Historically, equities have offered superior long-term returns over assets such as bonds and cash—the well-known equity risk premium. The problem for many investors is that equity returns have become exceedingly volatile.
The goal is to capture that equity risk premium with less volatility, said Andrew Mitchell, vice-president and portfolio manager with Phillips, Hager & North (PH&N), speaking last week at PH&N’s pension trustee education seminar in Toronto.
So how do investors reduce volatility in an equity portfolio? Mitchell offered five strategies, along with the challenges presented by each.
Asset allocation-based approaches
The conventional approach, tactical asset allocation, seeks to reduce total portfolio volatility by shifting the equity allocation at the right time, based on relative risk/reward expectations for various asset classes, said Mitchell. The main challenge with this approach is that timing markets is difficult, and being out of the market at the wrong time can be very costly.
More recently, a variety of new asset allocation approaches have been developed to alter the total asset mix to better compensate for the volatility of equities (e.g., risk parity). The drawback to this strategy is that it requires investors to sacrifice exposure to the equity risk premium or leverage the other asset class exposures to achieve target returns, he explained.
Derivatives can be used to help mitigate volatility by purchasing portfolio insurance to hedge against losses. These strategies look to reduce volatility by holding another asset that tends to increase in value when equities are falling (e.g., put options or VIX futures).
These strategies have some merit; however, there is an ongoing cost to portfolio insurance that eats into long-term returns. Other pertinent challenges for include:
- complexity, both structurally and legally;
- operational and leverage risks;
- illiquid Canadian equity derivatives markets; and
- limited investor experience and/or comfort with executing these strategies.
By diversifying across various developed and emerging equity markets, said Mitchell, overall portfolio efficiency improves as risk is reduced while still attaining exposure to the equity risk premium. The basic premise, which has held in practice, is that global equity markets are not perfectly correlated.
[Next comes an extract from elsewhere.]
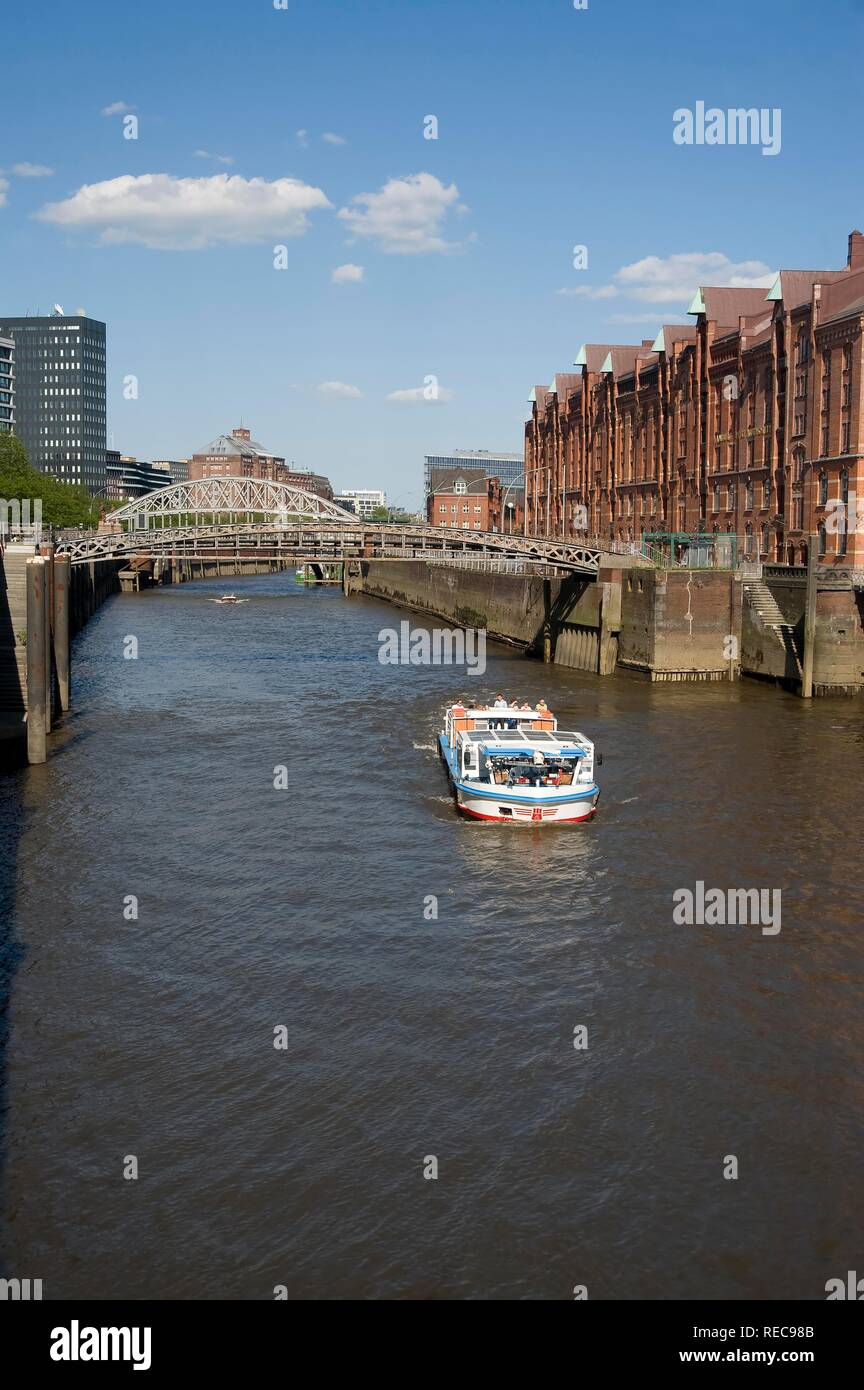 Warehouses along a canal in Hamburg Speicherstadt district, tourist boat Stock Photo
However, recent experience has indicated some drawbacks. For one, the rise in equity market correlations with globalization has gradually diminished diversification benefits. Secondly, global diversification offers little protection from market crashes as correlations go to 1 during times of financial stress, he noted.
Nonetheless, geographic diversification still protects portfolios against sustained underperformance in a single geographic equity market.
Value or income strategies
Certain investment styles and strategies can produce a less volatile outcome as a by-product. Value or income strategies, for example, have delivered a material reduction in volatility in the past decade, said Mitchell. Some characteristics of these strategies suggest this could persist since, for example, value managers seek stocks where “the bad news is already being priced in.”
However, the challenge for investors is to recognize that volatility reduction is a by-product of most of these strategies as opposed to the primary mission. Consequently, investors need to assure themselves that they have adequately evaluated the investment process and the managers’ skill being considered to ensure that a less volatile portfolio is a sustainable expectation—and not just a coincidence.
Low-volatility equity strategies
While income and value strategies may (or may not) result in reduced volatility as a by-product of their investment process, minimizing volatility is the primary objective of low-volatility strategies. And, Mitchell added, these strategies mitigate volatility without any of the complexities of the above strategies.
According to modern portfolio theory, riskier assets should offer higher returns, and riskier individual securities should also offer higher returns within their overall asset class. But the latter part of that theory has been turned on its head, said Mitchell.
Research from PH&N and others has demonstrated that “risky stocks don’t deliver superior returns; they actually tend to deliver inferior returns.” Simply put, research suggests that no risk premium exists within equities as an asset class.
So, low-volatility equity strategies look to take advantage of this anomaly by turning the traditional investment objective on its head. Rather than maximizing returns relative to an equity index benchmark as the primary goal, these are long-only portfolios designed to build a diversified portfolio that will minimize volatility at any moment in time, said Mitchell, with the objective of generating superior risk-adjusted returns over a full market cycle.
These strategies also offer a number of positives for investors. The portfolios tend to emphasize stable stocks and businesses and a smaller weighting in more volatile/cyclical businesses such as resources. The focus on minimizing volatility tends to result in a more diversified portfolio (since these portfolios are not constructed with reference to a specific index). Finally, the resulting portfolio typically delivers a higher yield than the S&P/TSX.
“If we can achieve excess return in the least risky stocks,” Mitchell explained, “it results in a much more efficient portfolio.”
But while these strategies are generally easy to implement, they are not without their own challenges. The returns for these strategies tend to sharply outperform in falling markets, but lag in sharply rising markets, so investors need to prepare themselves for a different path of returns than a traditional index. Mitchell also indicated that traditional return-focused benchmarking is not enough with these strategies.
Since the main objective is to reduce equity volatility and deliver a more efficient portfolio, measures of reward to risk are more appropriate, he said.